NBIM to publish written expectations on board accountability

One of six strategic focus areas for influential investor

Norges Bank Investment Management, the arm of the Norwegian Central Bank which manages the NOK3.2trn (€413bn) Government Pension Fund, is set to formalise its expectations of how company boards should behave.

It will shortly release written expectations on board accountability for 2012, said Anne Kvam, NBIM’s global head of ownership policy.

“With 8,000 holdings we can’t talk to every board member,” she told the Local Authority Pension Fund Forum conference last week.

“We are happy to entrust the board to be steward of our capital but that only works if we hold them accountable,” Kvam added.

NBIM already has a brief description of its board expectations on its website. But its published expectations on other strategic issues such as water management and children’s rights are much more detailed; NBIM also publishes annual compliance reports.

The move comes amid a push by NBIM to increase its focus on how companies are managed. In its submission to the European Commission’s consultation on corporate governance, for example, Norges stated that shareholders are responsible for overseeing a board’scorporate governance practices, which should be supported by “more transparent, standardised and enforceable regulation”.

The investment giant also called for greater transparency on board members’ qualifications and advocated developing a system to better monitor companies’ compliance with corporate governance standards. Board accountability/shareholder influence is one of six strategic focus areas for NBIM’s ownership activities. The others are equal treatment of shareholders, efficient markets, children’s rights, climate change risk management and water management.
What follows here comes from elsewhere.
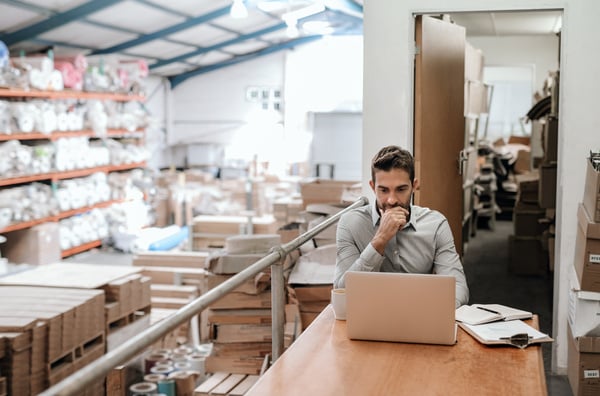 Logística ecommerce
“With 8,000 holdings we can’t talk to every board member”

In addition, Kvam told delegates to the conference that NBIM sees no real value in investor say-on-pay, asking: “Do we need to go through 8,000 60-page reports?”
Kvam suggested there were just two firms of headhunters in London’s City financial district responsible for selecting board candidates. She added: “We don’t think it’s a good idea for the board to elect itself in an insider job.”